The last implemented methodology is based on detecting if each of the fans is or not working properly. This methodology uses 9 SVM classifiers, instead of only one, but each classifier is trained to distinguish between only two classes (a faulty fan or a healthy fan). The individual accuracy rates of the SVM classifiers show high values between 90.7% and 99.4%. This methodology is not accurate enough to distinguish a matrix failure among its 512 possible faulty situations. In this case, this methodology shows a 65.7% accuracy rate value. Although it is not a high accuracy value, it is higher than the one obtained for the methodology based on detecting the working situation of the fan matrix. But it is not a problem because the probability of having a fan matrix with more than two faulty fans is not high. Under this consideration, this methodology is a proper option, given that it shows high accuracy rate values in detecting faulty fans under two faulty fan working situations. In these cases, the methodology shows accuracy rate values between 84.3% and 92.5%.

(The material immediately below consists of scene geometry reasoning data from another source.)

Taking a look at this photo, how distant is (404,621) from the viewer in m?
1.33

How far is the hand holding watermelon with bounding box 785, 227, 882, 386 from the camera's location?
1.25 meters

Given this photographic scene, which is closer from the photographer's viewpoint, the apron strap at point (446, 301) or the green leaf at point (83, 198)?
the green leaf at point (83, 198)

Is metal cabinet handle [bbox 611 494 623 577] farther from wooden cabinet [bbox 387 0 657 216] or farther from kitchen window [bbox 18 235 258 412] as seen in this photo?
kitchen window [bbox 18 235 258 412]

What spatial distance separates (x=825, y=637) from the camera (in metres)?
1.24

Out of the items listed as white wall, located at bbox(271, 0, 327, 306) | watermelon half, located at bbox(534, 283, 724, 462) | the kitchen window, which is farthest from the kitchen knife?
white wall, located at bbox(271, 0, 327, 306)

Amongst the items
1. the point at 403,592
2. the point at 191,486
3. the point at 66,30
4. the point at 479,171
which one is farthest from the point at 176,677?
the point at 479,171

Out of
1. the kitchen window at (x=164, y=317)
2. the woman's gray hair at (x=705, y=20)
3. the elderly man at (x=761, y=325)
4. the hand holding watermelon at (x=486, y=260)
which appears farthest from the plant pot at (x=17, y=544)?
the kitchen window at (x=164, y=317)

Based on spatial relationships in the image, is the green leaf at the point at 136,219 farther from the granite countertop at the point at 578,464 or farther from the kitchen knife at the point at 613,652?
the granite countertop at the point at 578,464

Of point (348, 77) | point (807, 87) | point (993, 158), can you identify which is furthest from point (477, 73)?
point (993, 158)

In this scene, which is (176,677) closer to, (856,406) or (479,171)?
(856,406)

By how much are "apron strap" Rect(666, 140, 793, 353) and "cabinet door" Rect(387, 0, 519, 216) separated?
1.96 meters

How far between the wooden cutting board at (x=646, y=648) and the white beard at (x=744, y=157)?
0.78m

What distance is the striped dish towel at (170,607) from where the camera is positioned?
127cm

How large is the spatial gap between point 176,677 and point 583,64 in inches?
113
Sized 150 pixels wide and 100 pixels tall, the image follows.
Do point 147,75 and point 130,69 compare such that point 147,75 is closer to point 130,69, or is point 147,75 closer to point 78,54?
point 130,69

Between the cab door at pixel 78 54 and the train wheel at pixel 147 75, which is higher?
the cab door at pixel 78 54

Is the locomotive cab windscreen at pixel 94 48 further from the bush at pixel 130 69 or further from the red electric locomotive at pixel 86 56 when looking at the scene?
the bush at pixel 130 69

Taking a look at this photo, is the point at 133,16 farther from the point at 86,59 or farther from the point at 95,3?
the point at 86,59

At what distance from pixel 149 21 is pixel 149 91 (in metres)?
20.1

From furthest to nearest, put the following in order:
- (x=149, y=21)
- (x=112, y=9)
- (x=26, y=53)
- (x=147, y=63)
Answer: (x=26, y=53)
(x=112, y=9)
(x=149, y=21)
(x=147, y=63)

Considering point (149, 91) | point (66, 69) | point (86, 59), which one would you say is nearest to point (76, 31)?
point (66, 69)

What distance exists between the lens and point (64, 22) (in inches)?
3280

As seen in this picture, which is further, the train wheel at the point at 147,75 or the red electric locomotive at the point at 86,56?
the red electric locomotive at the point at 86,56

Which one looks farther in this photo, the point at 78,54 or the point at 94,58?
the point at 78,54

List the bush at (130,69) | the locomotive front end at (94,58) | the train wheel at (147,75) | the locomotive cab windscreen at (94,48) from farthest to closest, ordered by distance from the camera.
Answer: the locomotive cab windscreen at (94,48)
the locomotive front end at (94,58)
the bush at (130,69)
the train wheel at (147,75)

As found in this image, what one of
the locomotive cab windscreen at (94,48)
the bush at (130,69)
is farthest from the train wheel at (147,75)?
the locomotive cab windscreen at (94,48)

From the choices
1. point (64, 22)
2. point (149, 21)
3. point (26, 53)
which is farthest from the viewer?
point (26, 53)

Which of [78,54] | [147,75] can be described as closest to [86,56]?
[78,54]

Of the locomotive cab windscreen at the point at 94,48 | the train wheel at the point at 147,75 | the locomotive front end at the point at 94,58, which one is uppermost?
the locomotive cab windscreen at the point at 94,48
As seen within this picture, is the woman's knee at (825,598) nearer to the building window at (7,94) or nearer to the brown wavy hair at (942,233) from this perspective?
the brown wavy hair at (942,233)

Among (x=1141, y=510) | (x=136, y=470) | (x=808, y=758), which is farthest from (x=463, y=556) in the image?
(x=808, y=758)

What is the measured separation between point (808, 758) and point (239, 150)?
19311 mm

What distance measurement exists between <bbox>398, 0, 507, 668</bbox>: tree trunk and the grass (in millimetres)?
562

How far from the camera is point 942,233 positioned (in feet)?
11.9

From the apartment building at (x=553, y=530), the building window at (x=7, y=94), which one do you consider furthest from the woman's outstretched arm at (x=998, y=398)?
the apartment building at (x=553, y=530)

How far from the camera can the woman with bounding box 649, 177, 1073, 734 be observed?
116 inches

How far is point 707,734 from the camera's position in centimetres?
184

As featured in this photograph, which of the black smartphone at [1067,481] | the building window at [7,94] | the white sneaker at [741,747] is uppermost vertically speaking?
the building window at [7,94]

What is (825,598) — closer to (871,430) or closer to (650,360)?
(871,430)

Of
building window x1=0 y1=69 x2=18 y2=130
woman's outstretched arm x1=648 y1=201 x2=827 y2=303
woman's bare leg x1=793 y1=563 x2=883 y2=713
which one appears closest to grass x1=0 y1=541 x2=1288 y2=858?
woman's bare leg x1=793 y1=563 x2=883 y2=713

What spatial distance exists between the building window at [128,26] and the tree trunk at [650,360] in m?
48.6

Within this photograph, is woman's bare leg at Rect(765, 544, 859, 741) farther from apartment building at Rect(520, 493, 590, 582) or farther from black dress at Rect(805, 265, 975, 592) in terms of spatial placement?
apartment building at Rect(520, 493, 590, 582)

This paper shows the comparison of three fault detection methodologies developed to identify if the fans in a matrix are not working properly. These methodologies are based on geometrical parameters of the acoustic images of the fan matrix and in support vector machine algorithms.
The most promising methodology is based on 9 SVM classifiers, each one related to a specific fan of the matrix. Each individual classifier detects if the corresponding fan is or not working. These high accuracy rate values shown by this methodology balance out the complexity increment related to using a SVM classifier for each fan of the matrix, instead of only one, as in the other defined methodologies.
It could be pointed that the tests carried out in this study must be widen with other tests including background noise or even objects near the assembly, in order to create surfaces where the sound generated by the fans could be reflected. These tests would simulate a more real operation situation because an operative fan matrix is not isolated of the surroundings nor even placed inside an anechoic chamber.
As near future work, a new methodology which combines the information of the maxima and other features or geometrical parameters of the acoustic images, such as the centroids or the energy, could be defined. In this case, if the SVM algorithm gets more information to discriminate between the different working situations, it is expected to be able to improve its accuracy rate. Also as a midterm future work, the extension of the methodology is to be able to detect/classify/identify specific fan failures such as not only to detect if the fans are working or not but also to detect the reason why the fan is not working properly, that is, if it is not rotating at the right speed, if some of the blades are broken, and if the shaft is misaligned. So, the next step in this research is the fan future work which could be the comparison of this extended methodology with other methodologies based on rotating machines that classifies specific failures, such as MSAF methodologies.
The numeric data used to support the findings of this study are available from the corresponding author upon request.
The authors declare that there are no conflicts of interest regarding the publication of this paper.
This research was funded by MINECO/FEDER (EU) (SAM TEC 2015-68170-R).